## Friday, March 05, 2010

### Improving on Pythagoras

A recent press release from Iowa State University promotes a recent study from physics professor Kerry Whisnant, who has discovered an extension to baseball's Pythagorean Projection that makes it more accurate.

The Pythagoran formula ("Pythagoras") says that you can predict team winning percentage as

wpct = RS^2 / (RS^2 + RA^2)

Where RS means "runs scored," RA means "runs allowed", and "^2" means "to the power of 2." The formula was discovered by Bill James some 30 years ago.

But there are cases where the formula doesn't give you the whole story. Your actual win total doesn't just depend on runs scored and allowed -- it also depends on the consistency of each. If your scoring is less consistent than average, you should outperform Pythagoras in terms of wins. For instance, if you score exactly the same number of runs as you allow, you should wind up a .500 team. But if you win more blowouts than average -- by scores of 15-2 and 16-6, for instance -- you'll finish at less than .500, because you've "wasted" your runs when you don't need them. And if you *lose* more blowouts than average, you'll win *more* games than 50 percent, because your opponents are "wasting" their runs.

Whisnant generalized the "blowout" argument to use the standard deviation of runs scored and allowed, instead. The SD is a measure of how spread out the run totals are, so that a team with lots of blowouts will have a higher SD than a team with fewer. But then he went one step further -- he noted that, if you have two teams with the same runs scored, the team with the higher slugging percentage will have a lower SD. Why? Because home runs more consistently contribute to scoring than do singles. Generally, a home run is worth about three singles, but the effects are more certain. If you hit only five home runs in a game, you're going to score exactly five runs. But if you hit 15 singles, you're going to score anywhere from 0 to 15 runs, depending on how they're bunched and how often your outs advance your baserunners.

Whisnant found that if you include the effects of SLG, you can come up with a formula gives you a better estimate than just "vanilla" Pythagoras. (The full formula is available at the above links.)

So how big is the effect? If you have two teams with exactly the same runs scored and allowed, you would normally expect them to win the same number of games. But not if they have different SLGs. For for every .080 that one team exceeds the other opponent in slugging percentage, it should win one extra game. Since a run is one-tenth of a win, that means every .008 is worth a run. And, since there are nine batters, then every .072 excess slugging by a single, individual batter makes him worth the equivalent of an extra run. If you have two players, both creating X runs as best you can measure them, but one's SLG is .400 and the other's is .472, then the second player should be thought of as if he's worth one run more than the other guy.

If you use the new formula, Whisnant found you can reduce the error of the Pythagorean formula roughly by half.

I like the study a lot.

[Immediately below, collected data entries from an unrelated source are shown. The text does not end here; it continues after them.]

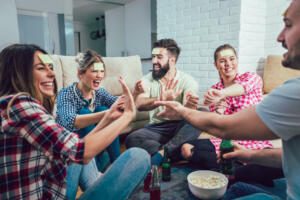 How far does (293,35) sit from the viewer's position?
66cm

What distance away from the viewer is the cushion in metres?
2.70

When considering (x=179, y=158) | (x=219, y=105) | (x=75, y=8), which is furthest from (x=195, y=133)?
(x=75, y=8)

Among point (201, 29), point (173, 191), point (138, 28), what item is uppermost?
point (138, 28)

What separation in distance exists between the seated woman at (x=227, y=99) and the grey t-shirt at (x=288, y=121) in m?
0.99

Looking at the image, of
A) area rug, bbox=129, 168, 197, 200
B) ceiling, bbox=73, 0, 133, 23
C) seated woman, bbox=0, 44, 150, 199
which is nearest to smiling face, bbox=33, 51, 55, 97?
seated woman, bbox=0, 44, 150, 199

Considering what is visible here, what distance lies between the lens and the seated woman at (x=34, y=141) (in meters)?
0.68

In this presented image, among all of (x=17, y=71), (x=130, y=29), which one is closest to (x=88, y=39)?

It's been known for a long time that *how* you score your runs affects how many games you win, but this is the first time, to my knowledge, that anyone has tried to quantify the effect in terms of batting-line statistics.

----

But ... I'm not 100% convinced about the exact numerical results.

Whisnant calibrated his formula on samples of head-to-head matchups between teams over a season. That's about 10-13 games. But a Pythagorean formula that evaluates winning percentages over 12 games (say) is not necessarily as accurate as one that works on 162 games.

Consider a sample of one game only. The traditional pythagorean formula (with exponent 2) isn't the best fit: it will say, for instance, that a team that scores four runs and allows two should win 80 percent of the time. But, of course, that team will really win 100 percent of the time. For one-game samples, the best exponent is *infinity*. (Or, if you don't mind rounding, an exponent of 15 will be more than good enough.)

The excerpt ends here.